The Chinese embassy in Israel urged its citizens to leave the country via land border crossings as soon as possible.
U.S. posture is 'defensive,' Hegseth says
Defense Secretary Pete Hegseth told Fox News on June 16 the U.S. still wants a nuclear deal with Iran.
“Of course,” Hegseth said on “Jesse Watters Primetime" on Fox. ”We are postured defensively in the region to be strong in pursuit of a peace deal. And we certainly hope that’s what happens here.”
Sanders, Massie, Khanna and AOC join forces to prevent U.S. strike on Iran
Several members of Congress said they will cosponsor measures to block the United States from going to war with Iran.
Rep. Thomas Massie, a self-described "constitutional conservative" Republican from Kentucky, announced a measure "to prohibit our involvement," and invited all members of Congress to cosponsor it.
"This is not our war. But if it were, Congress must decide such matters according to our Constitution," Massie posted.
Progressive Democratic Reps. Ro Khanna of California and Alexandria Ocasio-Cortez of New York jumped at the invitation.
"No war in Iran," Khanna posted. "It's time for every member to go on record. Are you with the neocons who led us into Iraq or do you stand with the American people?"
An hour later, Sen. Bernie Sanders announced he had "introduced legislation to stop Trump from... leading us into an illegal war with Iran."
Sen. Tim Kaine, D-Va., said earlier on June 16 he would introduce a war powers resolution in the Senate.
Iran wanted Trump to rein in Israel
"If President Trump is genuine about diplomacy and interested in stopping this war, next steps are consequential," Iran's Foreign Minister Abbas Araqchi said on X, imploring Trump to intervene with Israeli Prime Minister Benjamin Netanyahu.

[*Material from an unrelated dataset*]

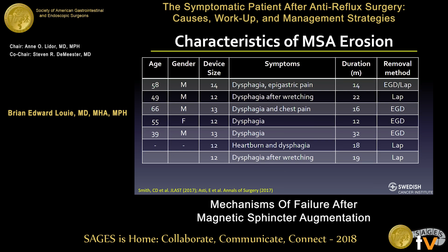Data on erosions is all over the place because reporting is inconsistent. From Dan Smith's MOD database paper and Bonavina's paper, erosions almost always presented with some form of dysphagia. Regarding device size, the 12B device has been largely taken off the market because of these erosions, with four erosions associated with it in the early dataset. Most occurred within the 24-month period, except for our case at Swedish, which occurred at three years.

Sources told Reuters that Tehran had asked Qatar, Saudi Arabia and Oman to press President Donald Trump to use his influence on Netanyahu and push for an immediate ceasefire. In return, Iran would show flexibility in nuclear negotiations, said the two Iranian and three regional sources.
Israel launched a powerful attack; Iran struck back
Israel struck first on June 13. In a surprise attack, it killed top military commanders and nuclear scientists. Airstrikes on Iran have also taken at least two of Iran's uranium enrichments sites offline.

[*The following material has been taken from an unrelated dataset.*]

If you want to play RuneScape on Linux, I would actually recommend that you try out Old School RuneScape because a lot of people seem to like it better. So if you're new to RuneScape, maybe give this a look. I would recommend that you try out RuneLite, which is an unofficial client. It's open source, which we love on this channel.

Iran has retaliated with waves of ballistic missiles that have pierced Israel's defenses, striking residential neighborhoods.
Netanyahu told troops at an air base that Israel was on its way to achieving its two main aims: wiping out Iran's nuclear program and destroying its missiles.
By midday on June 16, officials from each country said 224 Iranians and 24 Israelis had been killed in the conflict.
Trump leaves summit: 'I have to be back'

Trump was at the G7 Summit in Canada when he sent his stark warning to Iran. Not long after, the White House abruptly said he would return to Washington early to focus on the deepening conflict.
At a photo with world leaders, Trump told reporters: "I have to be back early."
"You probably see what I see, and I have to be back as soon as I can," the president said. Secretary of State Marco Rubio also left Canada for Washington.
Contributing: Ben Adler, Paste BN; Reuters.